## [What to produce]
Without any pictures, print exactly the lines that run from the start of the data through the line containing "gemelos para camisa furgoneta hippie azul".
□ □ □ □ □ □ □
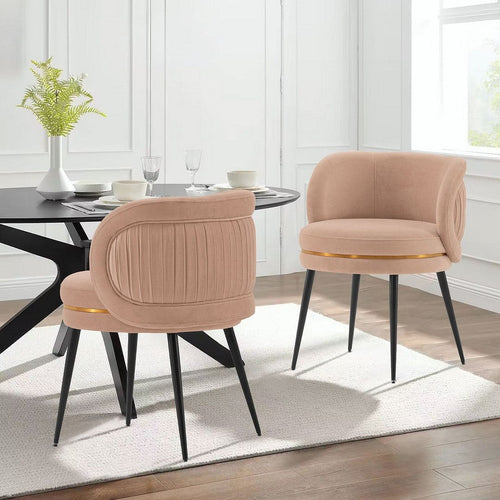 Modern Kaya Pleated Velvet Dining Chair in Nude - Set of 2
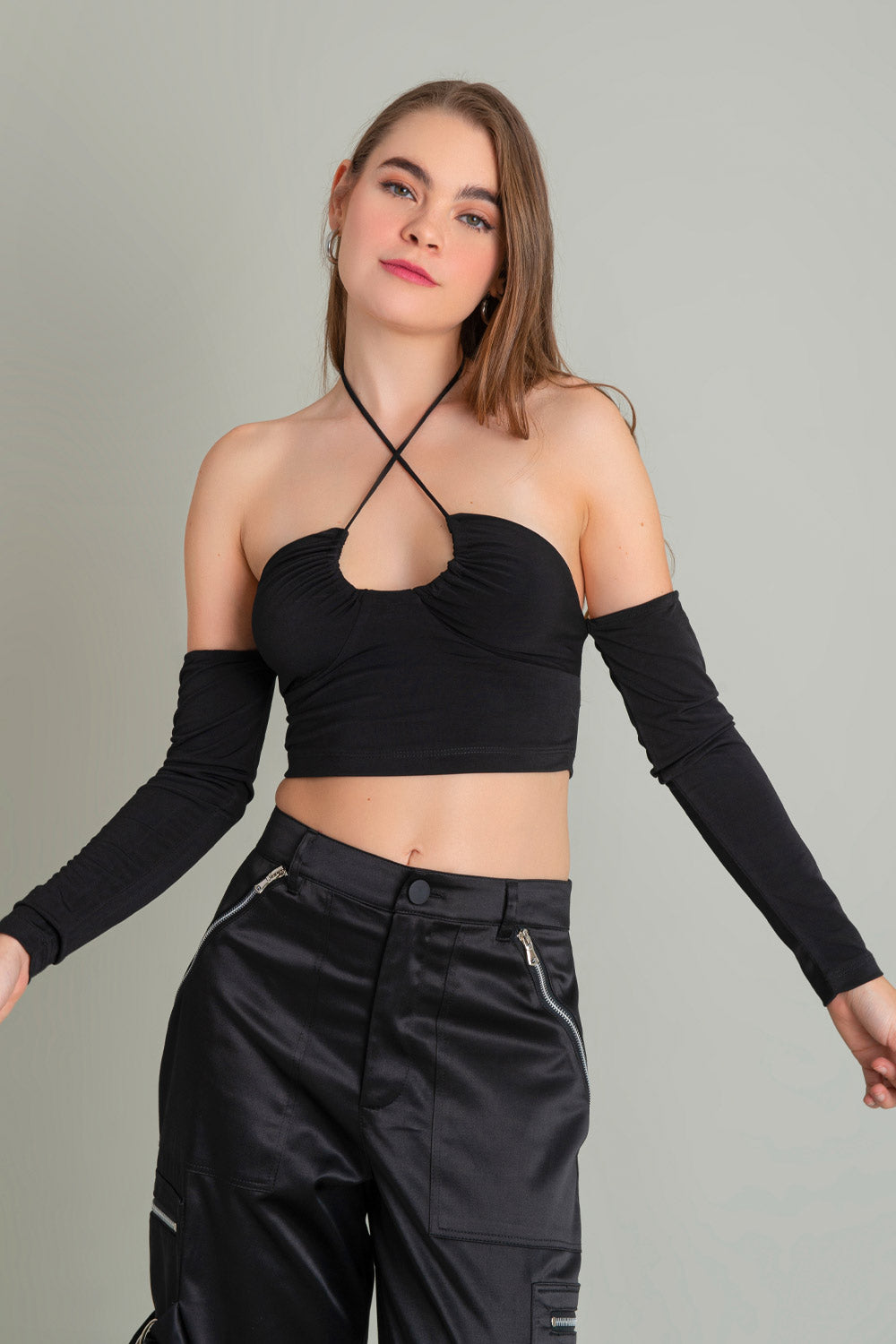 Crop Top Top Negro Cruzado Cuello Crop Tops Para Mujer VISgogo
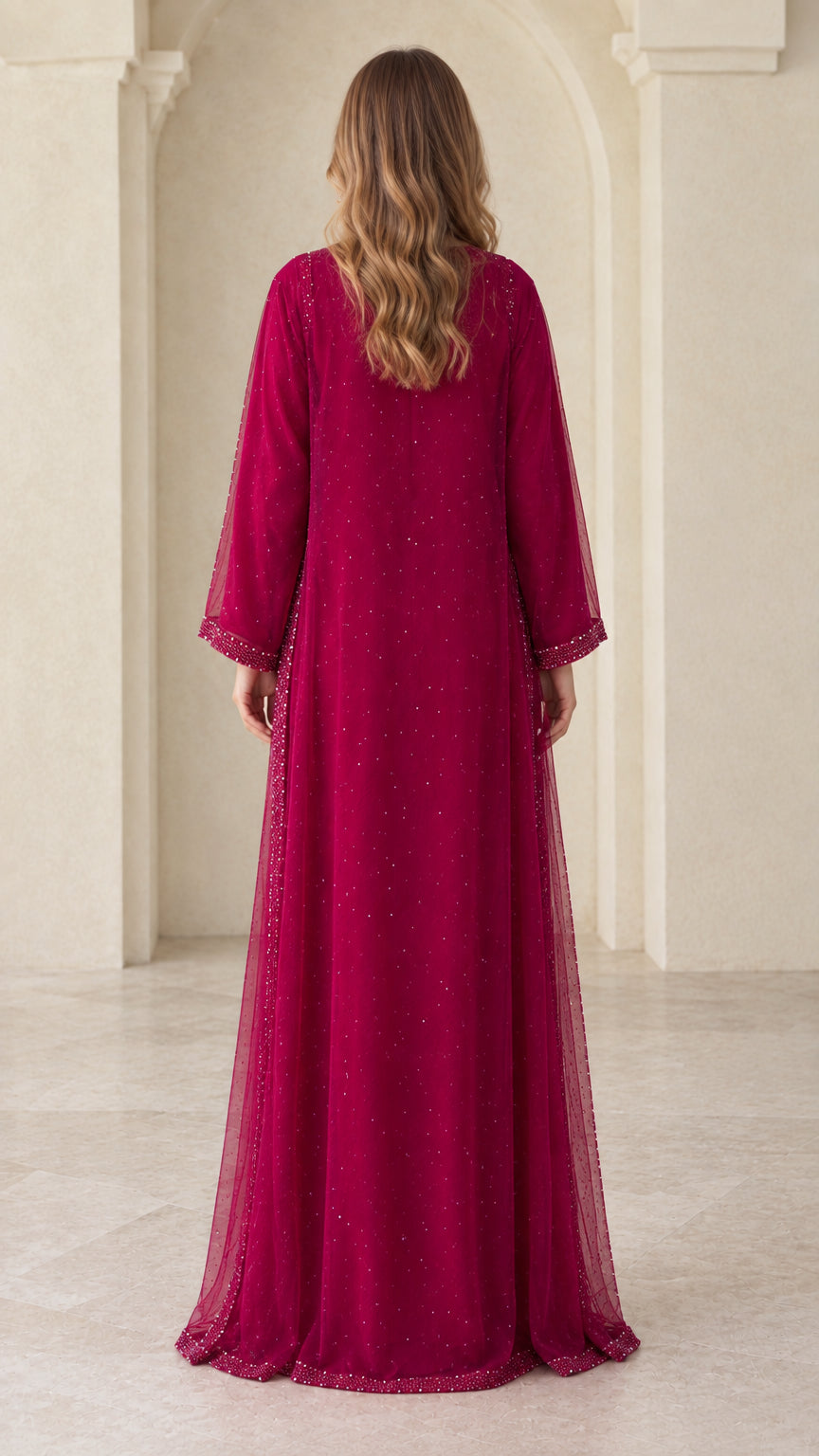 Back full-length view of berry sheer overlay formal maxi dress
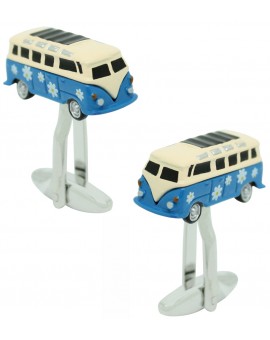 gemelos para camisa furgoneta hippie azul
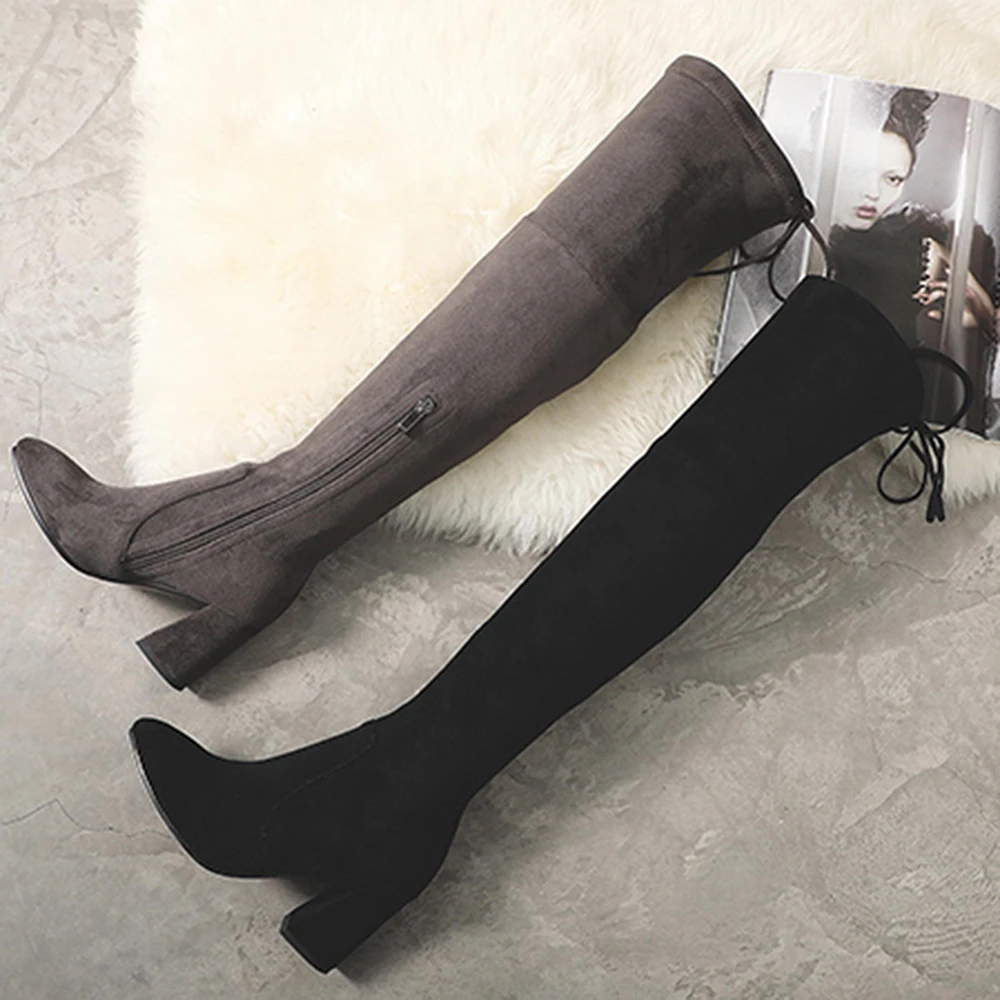 PSLD/2019 женские Сапоги выше колена модная универсальная зимняя обувь с острым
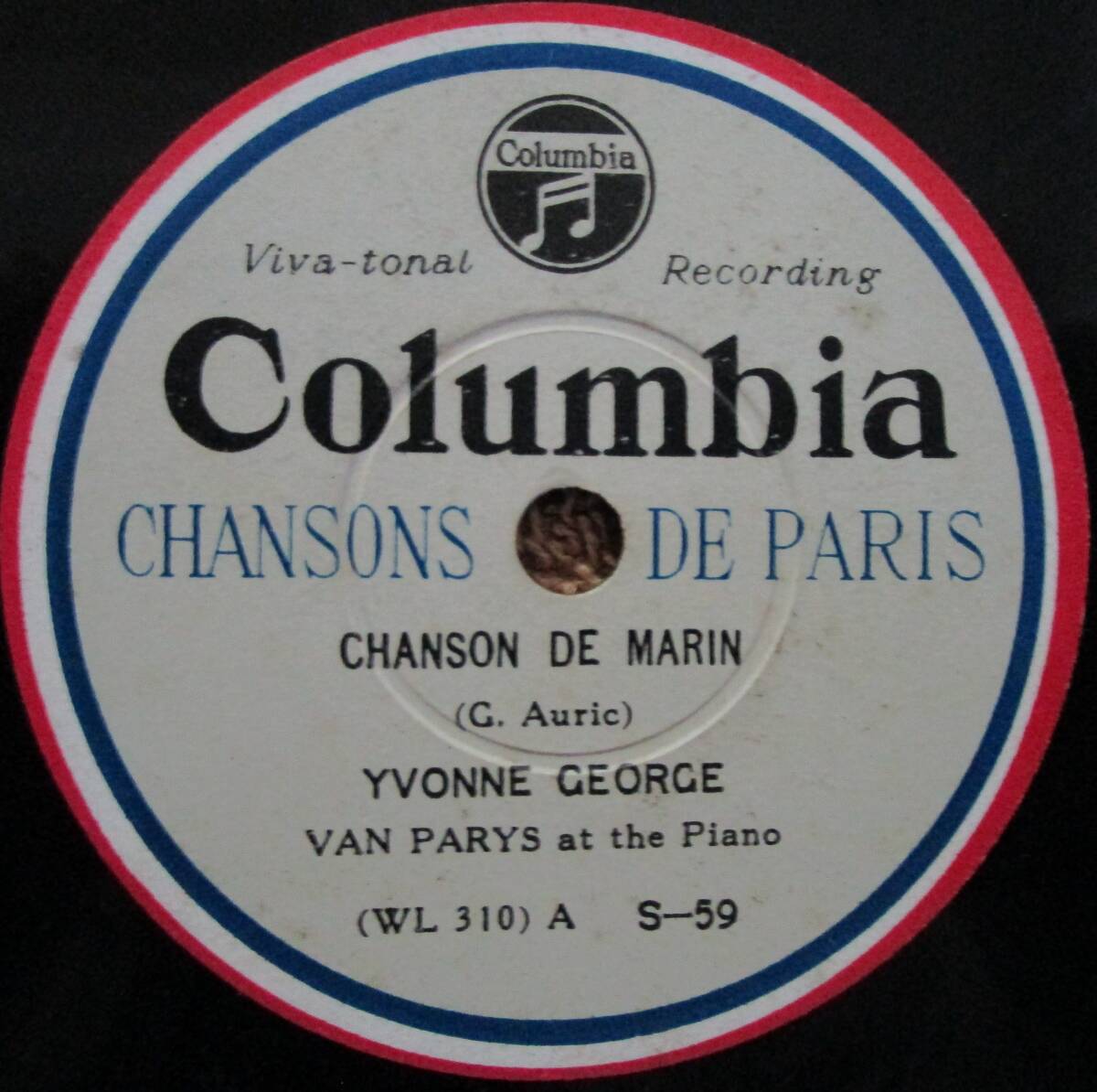 SP盤SPレコード 国内盤 シャンソン イヴォンヌ・ジョルジュ Yvonne Geoorge「Chanson de Marin」「Qui Je Suis de Paris」コロムビア拍卖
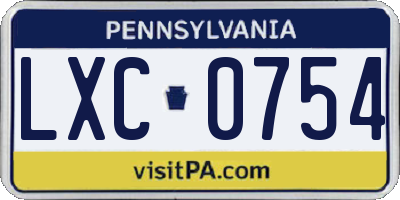 PA license plate LXC0754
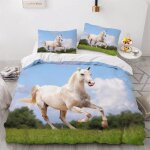 Parure de lit pour enfant x cm cheval housse de couette animaux parure de lit en microfibre ensemble ...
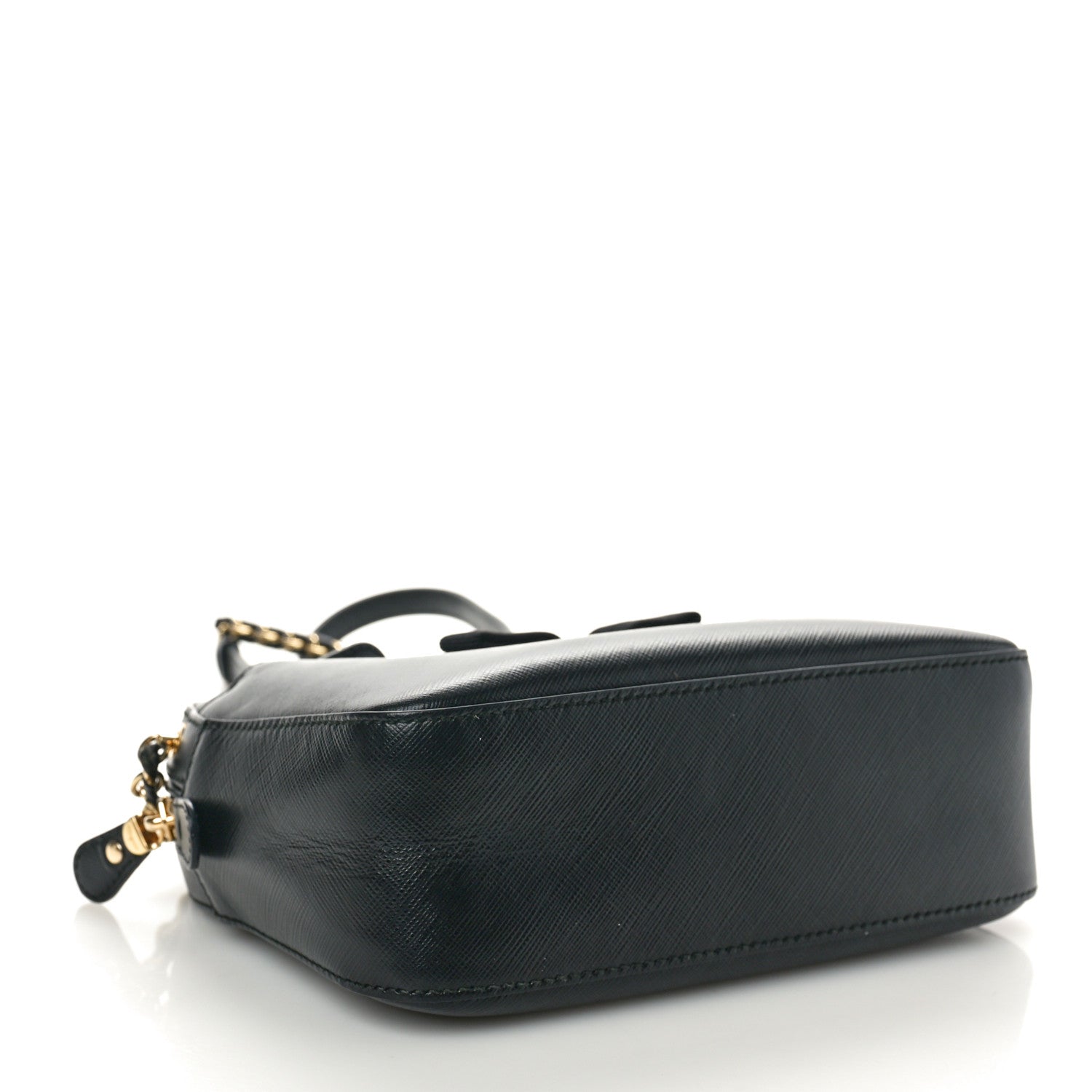 Salvatore Ferragamo Hammered Calfskin Lydia Bow Camera Bag Black 4 of 10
□ □ □ □ □ □ □
## [Response area]
 Modern Kaya Pleated Velvet Dining Chair in Nude - Set of 2
 Crop Top Top Negro Cruzado Cuello Crop Tops Para Mujer VISgogo
 Back full-length view of berry sheer overlay formal maxi dress
 gemelos para camisa furgoneta hippie azul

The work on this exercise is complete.